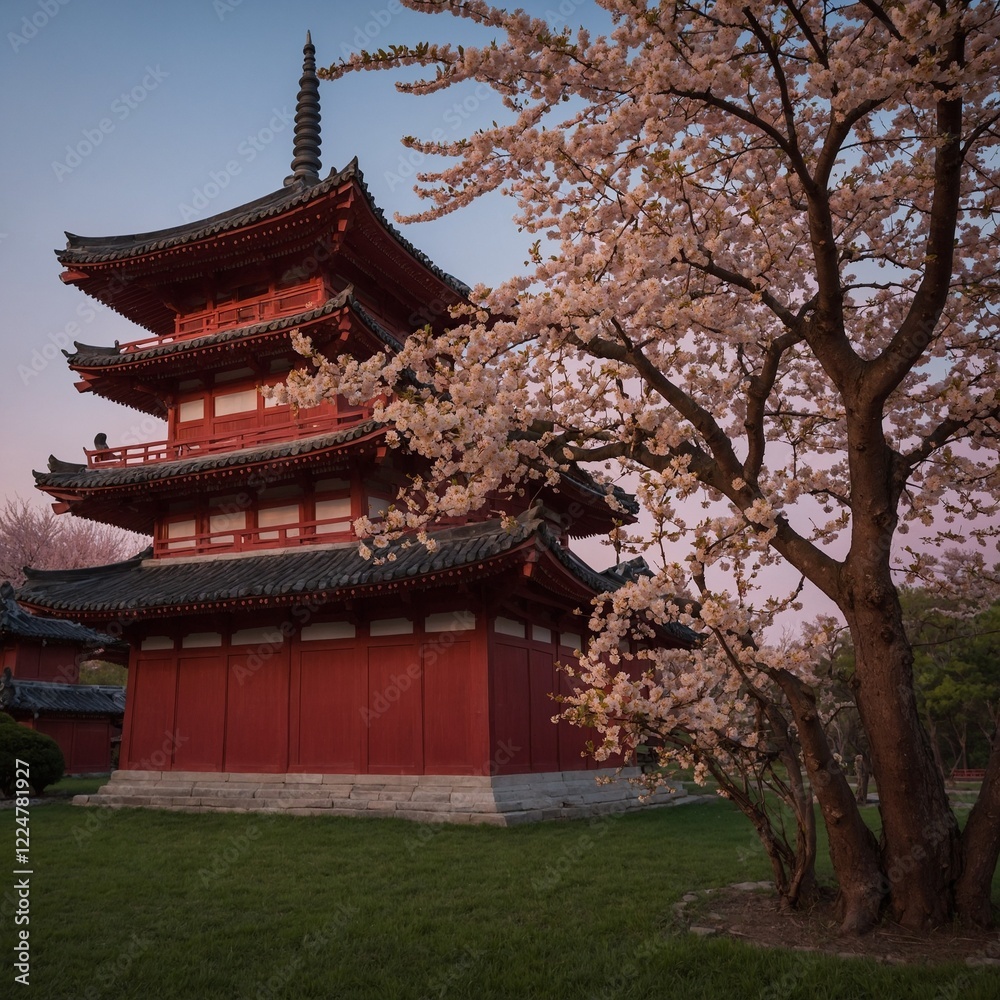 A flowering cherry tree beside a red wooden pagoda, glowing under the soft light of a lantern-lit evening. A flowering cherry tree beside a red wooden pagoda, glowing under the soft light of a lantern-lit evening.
⁂
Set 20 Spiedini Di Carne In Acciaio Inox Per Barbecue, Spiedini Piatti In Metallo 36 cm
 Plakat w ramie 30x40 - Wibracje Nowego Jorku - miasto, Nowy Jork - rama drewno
⁂
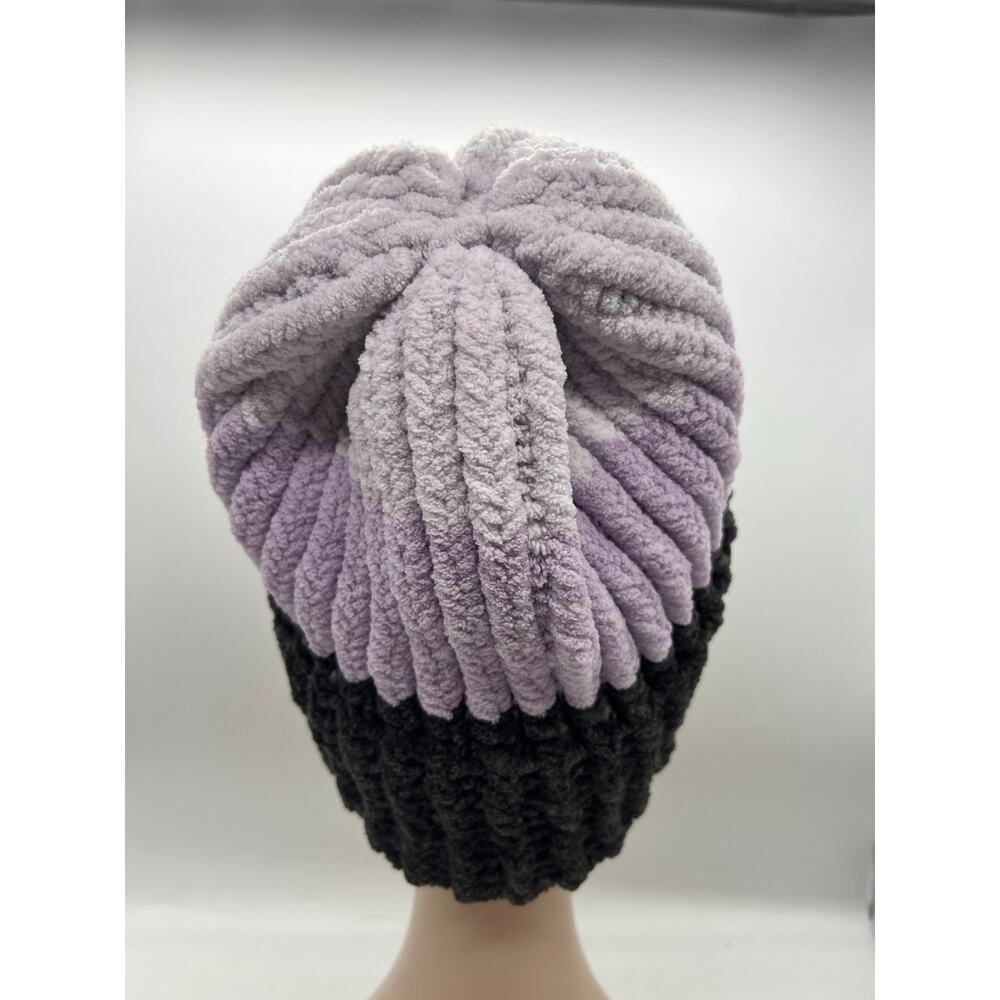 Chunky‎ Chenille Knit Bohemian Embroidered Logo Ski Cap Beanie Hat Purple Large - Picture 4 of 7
⁂
AIM OF THE TASK = Return exactly, and only, the lines above starting at the line that contains "Set 20 Spiedini" and ending at the line that contains "Plakat w ramie".

EXERCISE RESULT =
Set 20 Spiedini Di Carne In Acciaio Inox Per Barbecue, Spiedini Piatti In Metallo 36 cm
 Plakat w ramie 30x40 - Wibracje Nowego Jorku - miasto, Nowy Jork - rama drewno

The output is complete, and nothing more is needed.